In this section words and writing take on another role. Their inclusion in the work of abstract artists of the 1950's and 1960's is a conscious one, with a theoretical base. The first two works, for example, are by the Iraqi artists Madiha Omar and Shakir Hassan al-Said, who are key and pioneer figures of the movement sometimes described as hurufiyyah (after harf, meaning letter; see Introduction). Omar was fascinated by the structure of Arabic letter forms, which she rediscovered: ‘each letter as an abstract image fulfils a specific meaning’, she wrote in her declaration on Arabic calligraphy (Omar 1946). Shakir Hassan al-Said believed that the Arabic script reflected ‘the history of the Arab individual and social reality which remained stored in the intellectual consciousness of culture and society’ (Said 1981; Shabbout 1999: 244). Even figurative Syrian artist Fateh Moudarres suddenly started to insert scratched words into his paintings.
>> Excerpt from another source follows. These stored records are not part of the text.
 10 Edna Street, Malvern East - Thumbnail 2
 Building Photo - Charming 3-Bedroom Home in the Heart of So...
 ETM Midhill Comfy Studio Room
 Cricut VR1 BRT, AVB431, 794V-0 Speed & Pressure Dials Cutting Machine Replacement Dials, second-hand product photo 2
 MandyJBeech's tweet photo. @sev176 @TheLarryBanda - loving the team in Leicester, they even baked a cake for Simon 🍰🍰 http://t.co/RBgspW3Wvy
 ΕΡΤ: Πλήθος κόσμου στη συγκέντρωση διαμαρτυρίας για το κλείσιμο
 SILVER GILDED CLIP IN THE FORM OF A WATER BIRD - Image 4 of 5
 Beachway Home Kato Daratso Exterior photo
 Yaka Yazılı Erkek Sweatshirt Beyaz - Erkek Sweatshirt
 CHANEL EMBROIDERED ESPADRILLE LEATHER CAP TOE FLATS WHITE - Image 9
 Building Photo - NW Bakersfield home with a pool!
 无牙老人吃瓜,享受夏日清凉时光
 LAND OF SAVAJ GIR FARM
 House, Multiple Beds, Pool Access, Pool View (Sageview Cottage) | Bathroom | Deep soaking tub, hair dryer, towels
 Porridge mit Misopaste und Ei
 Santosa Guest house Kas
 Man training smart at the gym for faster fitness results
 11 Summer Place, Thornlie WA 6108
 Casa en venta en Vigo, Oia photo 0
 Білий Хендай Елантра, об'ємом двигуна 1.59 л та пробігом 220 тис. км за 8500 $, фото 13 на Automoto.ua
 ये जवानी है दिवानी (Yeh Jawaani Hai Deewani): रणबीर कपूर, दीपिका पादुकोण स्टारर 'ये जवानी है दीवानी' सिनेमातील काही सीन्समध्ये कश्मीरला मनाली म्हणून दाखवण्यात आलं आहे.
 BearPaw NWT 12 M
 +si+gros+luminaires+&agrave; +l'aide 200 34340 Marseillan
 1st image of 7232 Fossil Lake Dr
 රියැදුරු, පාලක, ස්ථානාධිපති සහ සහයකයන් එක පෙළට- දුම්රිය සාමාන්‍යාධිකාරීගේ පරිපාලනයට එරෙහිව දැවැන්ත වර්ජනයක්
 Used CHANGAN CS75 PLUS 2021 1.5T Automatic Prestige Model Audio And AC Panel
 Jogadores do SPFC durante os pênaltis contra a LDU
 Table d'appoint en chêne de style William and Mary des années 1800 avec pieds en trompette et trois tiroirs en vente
The messages are more subliminal. There are works where the words are clear but the meaning is abstract – Tanavoli’s Heech (Nothing), for example. In other pieces, although words and phrases can be discerned, it is the shape of the letter and how it combines with others that is important. Legibility becomes secondary. The Tunisian artist Lassaad Metoui describes himself as an architect of words, Siah Armajani re-creates the rhythms of Persian poetry, and Jacob El-Hanani metamorphoses the repetition of prayers in his orthodox Jewish childhood into intense grids resembling ancient microscript. Khaled Ben Slimane’s repetition of words is an echo of Sufi incantations, and Moshiri is inspired by the calligraphic practice sheets known as mashq. Other artists focus on the magical properties of letters and numbers. There is a wealth of possibilities here that continue to be fully explored by artists throughout the region.